# TASK STATEMENT
Your answer must be the lines from the top of the listing below through the line that holds "CA license plate 6UIE817", retyped exactly, with no pictures.

# INFORMATION GIVEN
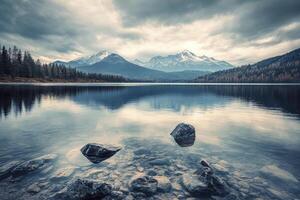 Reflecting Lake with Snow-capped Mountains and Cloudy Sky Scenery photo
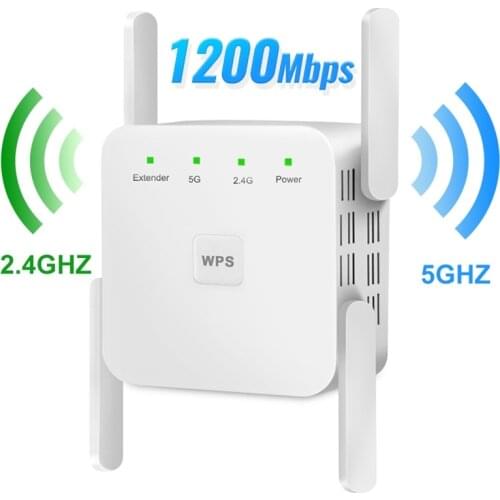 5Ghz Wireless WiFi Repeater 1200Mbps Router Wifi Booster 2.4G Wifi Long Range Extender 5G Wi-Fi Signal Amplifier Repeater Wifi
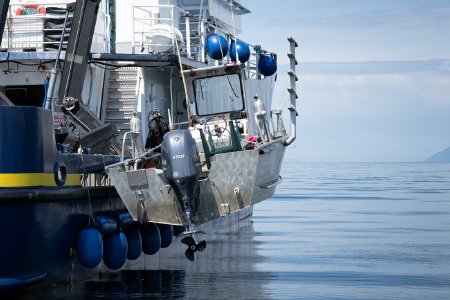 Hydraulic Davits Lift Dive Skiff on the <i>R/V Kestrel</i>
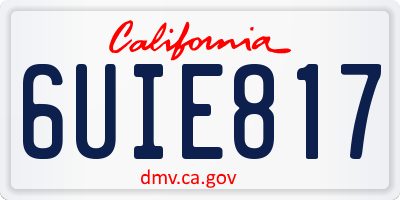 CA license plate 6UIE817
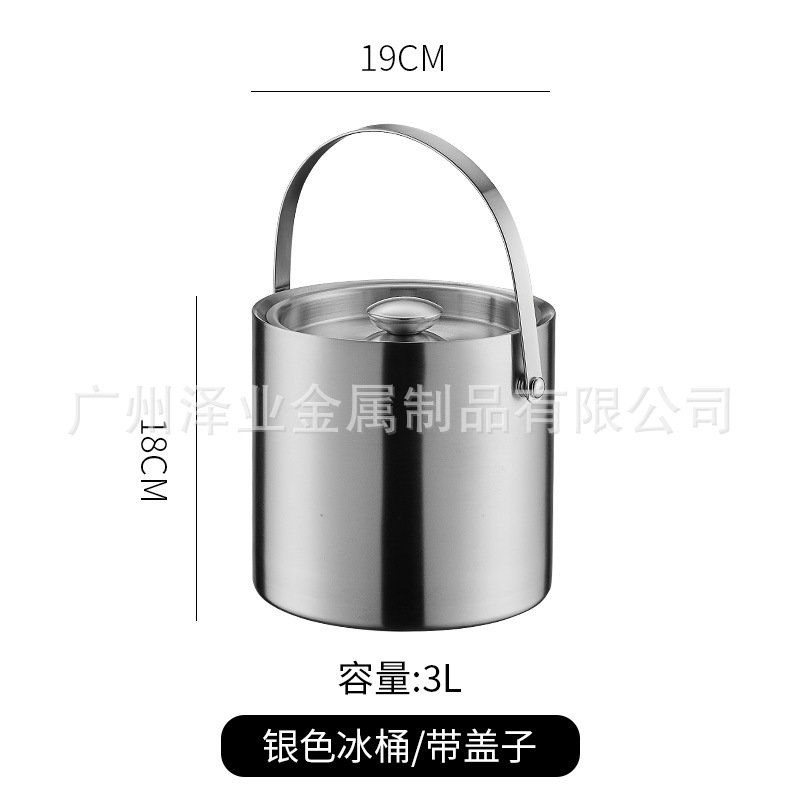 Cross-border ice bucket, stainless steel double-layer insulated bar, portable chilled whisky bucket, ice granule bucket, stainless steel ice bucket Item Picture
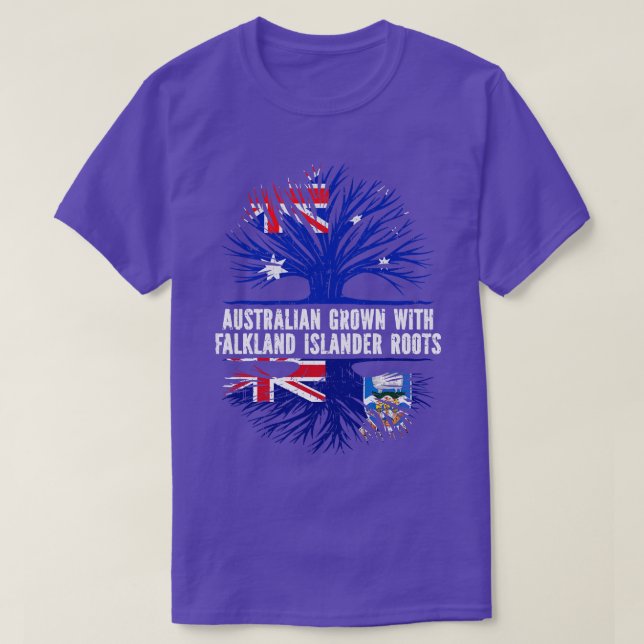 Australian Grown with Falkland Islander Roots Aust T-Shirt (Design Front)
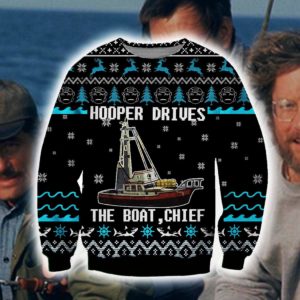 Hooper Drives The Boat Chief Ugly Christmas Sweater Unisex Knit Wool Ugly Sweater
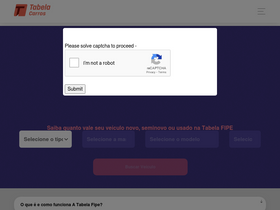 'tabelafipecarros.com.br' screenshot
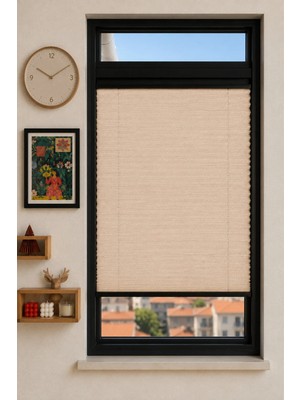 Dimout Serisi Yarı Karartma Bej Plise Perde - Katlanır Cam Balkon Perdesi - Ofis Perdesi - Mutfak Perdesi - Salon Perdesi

# THE COMPLETED TASK
 Reflecting Lake with Snow-capped Mountains and Cloudy Sky Scenery photo
 5Ghz Wireless WiFi Repeater 1200Mbps Router Wifi Booster 2.4G Wifi Long Range Extender 5G Wi-Fi Signal Amplifier Repeater Wifi
 Hydraulic Davits Lift Dive Skiff on the <i>R/V Kestrel</i>
 CA license plate 6UIE817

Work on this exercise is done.